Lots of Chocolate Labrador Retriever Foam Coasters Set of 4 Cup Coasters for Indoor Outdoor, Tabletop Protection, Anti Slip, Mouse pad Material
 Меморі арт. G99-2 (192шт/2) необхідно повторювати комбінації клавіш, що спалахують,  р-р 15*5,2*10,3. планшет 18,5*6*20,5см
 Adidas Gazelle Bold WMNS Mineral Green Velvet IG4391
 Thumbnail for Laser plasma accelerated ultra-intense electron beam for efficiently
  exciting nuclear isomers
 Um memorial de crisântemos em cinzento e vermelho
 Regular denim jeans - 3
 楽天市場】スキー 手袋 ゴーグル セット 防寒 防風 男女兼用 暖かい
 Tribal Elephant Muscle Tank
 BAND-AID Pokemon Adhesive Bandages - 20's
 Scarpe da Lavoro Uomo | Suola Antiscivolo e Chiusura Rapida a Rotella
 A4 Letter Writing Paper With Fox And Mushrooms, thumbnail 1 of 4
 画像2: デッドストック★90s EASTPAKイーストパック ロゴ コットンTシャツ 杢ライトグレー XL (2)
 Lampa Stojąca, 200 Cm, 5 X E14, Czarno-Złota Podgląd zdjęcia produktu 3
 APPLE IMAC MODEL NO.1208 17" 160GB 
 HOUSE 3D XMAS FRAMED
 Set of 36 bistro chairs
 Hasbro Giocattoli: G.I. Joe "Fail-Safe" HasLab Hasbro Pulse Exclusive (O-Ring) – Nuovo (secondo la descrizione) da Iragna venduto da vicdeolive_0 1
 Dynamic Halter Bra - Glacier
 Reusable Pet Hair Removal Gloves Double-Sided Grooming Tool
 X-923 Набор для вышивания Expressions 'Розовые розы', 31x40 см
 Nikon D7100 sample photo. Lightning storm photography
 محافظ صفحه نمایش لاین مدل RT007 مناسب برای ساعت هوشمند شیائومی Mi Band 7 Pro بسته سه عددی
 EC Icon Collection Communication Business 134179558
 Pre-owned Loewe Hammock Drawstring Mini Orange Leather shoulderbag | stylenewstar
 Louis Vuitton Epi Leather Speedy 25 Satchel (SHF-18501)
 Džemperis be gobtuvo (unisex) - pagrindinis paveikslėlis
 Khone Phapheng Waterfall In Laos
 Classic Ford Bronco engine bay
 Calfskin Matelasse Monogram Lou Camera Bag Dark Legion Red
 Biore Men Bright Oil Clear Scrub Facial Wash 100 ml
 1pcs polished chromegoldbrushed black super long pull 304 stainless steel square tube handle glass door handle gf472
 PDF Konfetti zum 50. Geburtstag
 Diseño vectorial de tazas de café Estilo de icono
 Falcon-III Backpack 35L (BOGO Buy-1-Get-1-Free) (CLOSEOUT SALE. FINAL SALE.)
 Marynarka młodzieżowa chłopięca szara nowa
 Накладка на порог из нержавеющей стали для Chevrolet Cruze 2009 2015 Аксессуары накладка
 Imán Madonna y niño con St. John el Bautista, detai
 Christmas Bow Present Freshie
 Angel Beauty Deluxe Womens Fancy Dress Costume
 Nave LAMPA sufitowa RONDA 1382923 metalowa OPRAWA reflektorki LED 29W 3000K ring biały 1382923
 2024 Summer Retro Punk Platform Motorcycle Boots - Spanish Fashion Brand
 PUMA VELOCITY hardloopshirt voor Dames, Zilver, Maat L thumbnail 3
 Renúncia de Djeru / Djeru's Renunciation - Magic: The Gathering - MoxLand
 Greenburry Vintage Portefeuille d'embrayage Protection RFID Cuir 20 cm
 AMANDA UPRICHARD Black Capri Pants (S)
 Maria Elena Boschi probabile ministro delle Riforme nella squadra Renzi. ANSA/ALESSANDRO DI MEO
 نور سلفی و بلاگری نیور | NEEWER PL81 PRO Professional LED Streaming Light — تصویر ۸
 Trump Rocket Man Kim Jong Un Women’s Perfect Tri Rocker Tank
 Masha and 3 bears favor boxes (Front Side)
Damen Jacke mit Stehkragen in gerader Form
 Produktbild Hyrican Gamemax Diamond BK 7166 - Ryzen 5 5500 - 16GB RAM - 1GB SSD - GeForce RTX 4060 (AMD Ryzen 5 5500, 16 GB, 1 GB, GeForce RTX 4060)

——

* **How to complete this task**: Every line from the line containing "محافظ صفحه نمایش" through the line containing "Renúncia de Djeru" in the records above must be retyped exactly. Leave out the rest.

* **Result for this task**:
 محافظ صفحه نمایش لاین مدل RT007 مناسب برای ساعت هوشمند شیائومی Mi Band 7 Pro بسته سه عددی
 EC Icon Collection Communication Business 134179558
 Pre-owned Loewe Hammock Drawstring Mini Orange Leather shoulderbag | stylenewstar
 Louis Vuitton Epi Leather Speedy 25 Satchel (SHF-18501)
 Džemperis be gobtuvo (unisex) - pagrindinis paveikslėlis
 Khone Phapheng Waterfall In Laos
 Classic Ford Bronco engine bay
 Calfskin Matelasse Monogram Lou Camera Bag Dark Legion Red
 Biore Men Bright Oil Clear Scrub Facial Wash 100 ml
 1pcs polished chromegoldbrushed black super long pull 304 stainless steel square tube handle glass door handle gf472
 PDF Konfetti zum 50. Geburtstag
 Diseño vectorial de tazas de café Estilo de icono
 Falcon-III Backpack 35L (BOGO Buy-1-Get-1-Free) (CLOSEOUT SALE. FINAL SALE.)
 Marynarka młodzieżowa chłopięca szara nowa
 Накладка на порог из нержавеющей стали для Chevrolet Cruze 2009 2015 Аксессуары накладка
 Imán Madonna y niño con St. John el Bautista, detai
 Christmas Bow Present Freshie
 Angel Beauty Deluxe Womens Fancy Dress Costume
 Nave LAMPA sufitowa RONDA 1382923 metalowa OPRAWA reflektorki LED 29W 3000K ring biały 1382923
 2024 Summer Retro Punk Platform Motorcycle Boots - Spanish Fashion Brand
 PUMA VELOCITY hardloopshirt voor Dames, Zilver, Maat L thumbnail 3
 Renúncia de Djeru / Djeru's Renunciation - Magic: The Gathering - MoxLand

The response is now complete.